As a result, the defense industry is booming. And that has helped Raytheon Technologies (NYSE: RTX) grow its dividend every year since 2005.

For clarity, Raytheon Technologies is the result of a 2020 merger between Raytheon Company and United Technologies. Regardless, in both its past and present forms, Raytheon has continually grown its dividend. And the company has boosted it twice since the merger – by 8% each time.

Raytheon’s customers include the U.S. government and many other national governments. The company makes a wide variety of products used in defense. Its offerings include military engines, missile warnings systems, cyber defense systems, precision-guided weapons and many others.

All that production adds up to a lot of free cash flow.

In 2021, Raytheon Technologies generated just under $5 billion in free cash flow.
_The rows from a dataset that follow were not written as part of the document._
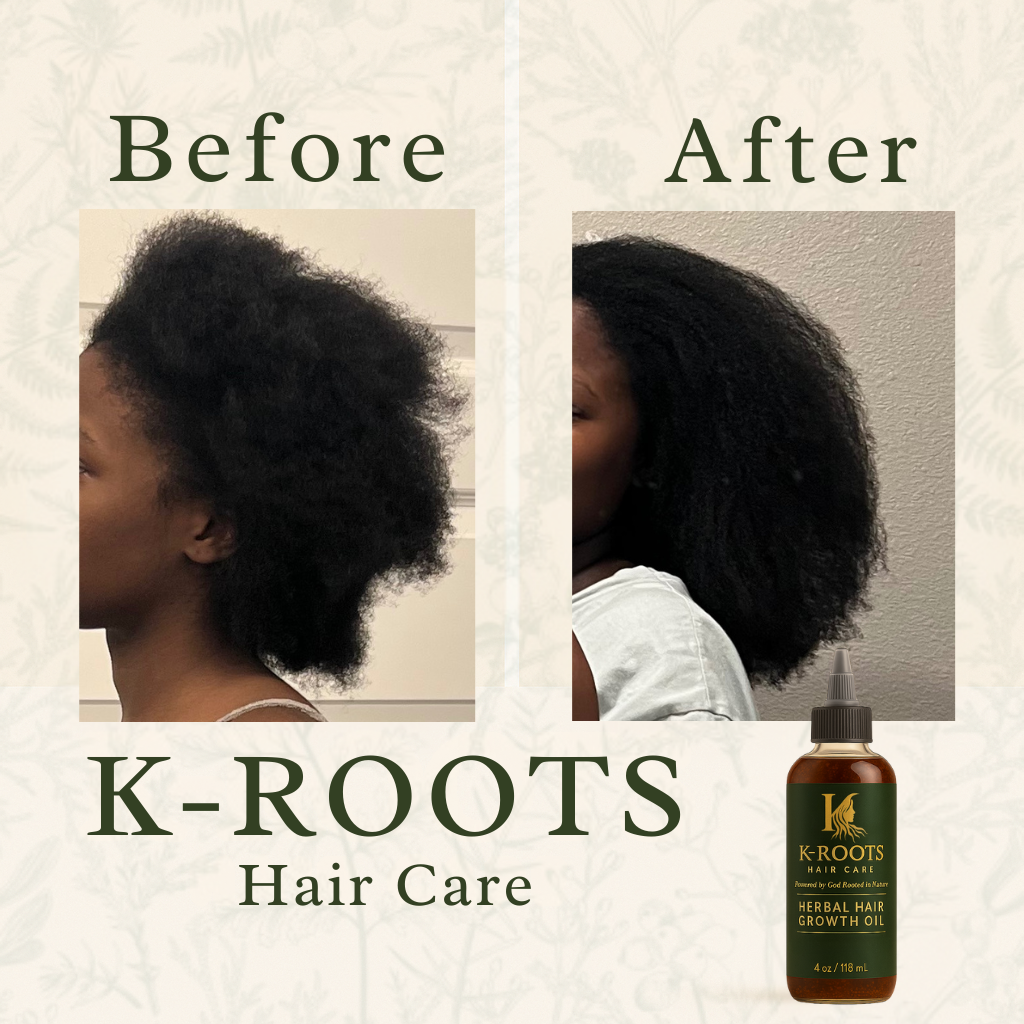 Herbal Hair Growth Oil
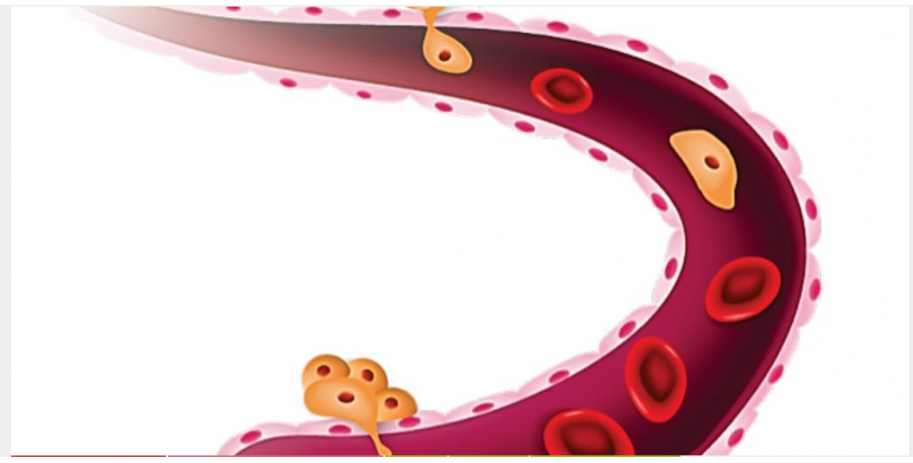 Screening cancer with liquid biopsy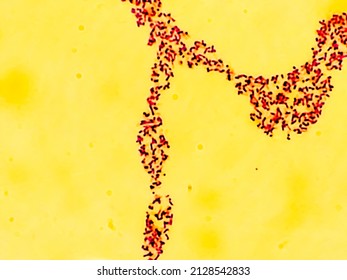 Salmonellosis: Microscopic View Of Gram Stained Slide From Blood Agar Salmonella Colonies, Show Salmonella Typhi (S. Typhi) Bacteria, Disease Is Referred To As Typhoid Fever.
In 2022, that figure is forecast to rise to $6.1 billion – which would be an impressive 23% growth rate.

Meanwhile, Raytheon paid out $3 billion in dividends last year and is expected to pay $3.2 billion this year, for a payout ratio of just 53%. So Raytheon should be able to continue to afford annual dividend increases.
Chart: Raytheon's Free Cash Flow Easily Eclipses Its Dividend
Russia, China and the various terrorist organizations around the world laying down their weapons in a John Lennon-esque dream of brotherhood and humanity seems about as likely as me winning the heavyweight championship of the world. So Raytheon should be able to grow its free cash flow for years to come.
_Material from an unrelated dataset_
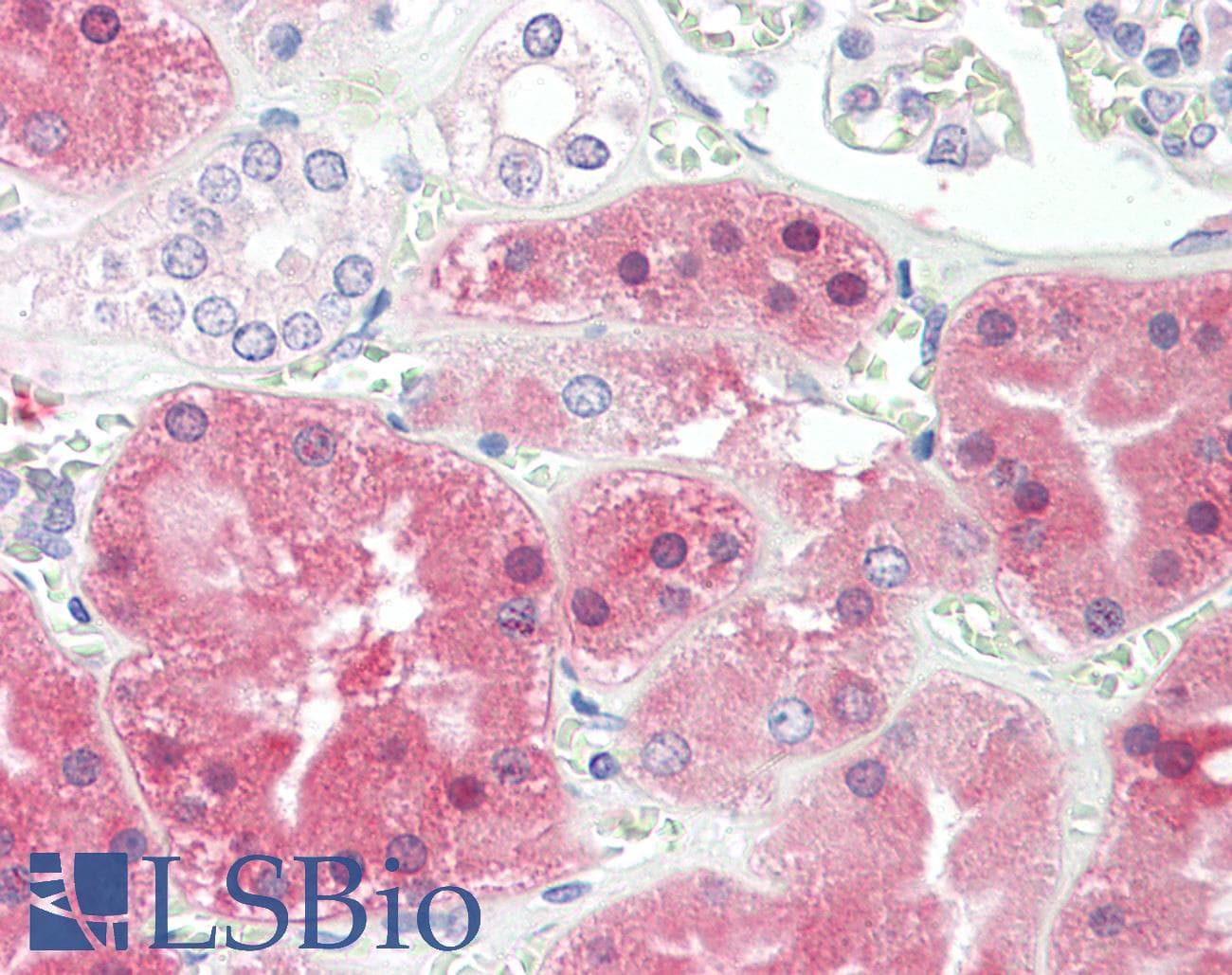 IHC-plus™ PH / PAH Antibody (aa66-76)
It would be nice if we didn’t need a company like Raytheon Technologies, but it’s a very good thing we have one. Dividend investors likely feel the same way.

Dividend Safety Rating: A

Dividend Grade Guide
If you have a stock whose dividend safety you’d like me to analyze, leave the ticker symbol in the comments section. (Note: Safety Net looks only at stocks of individual companies, not exchange-traded funds or closed-end funds.)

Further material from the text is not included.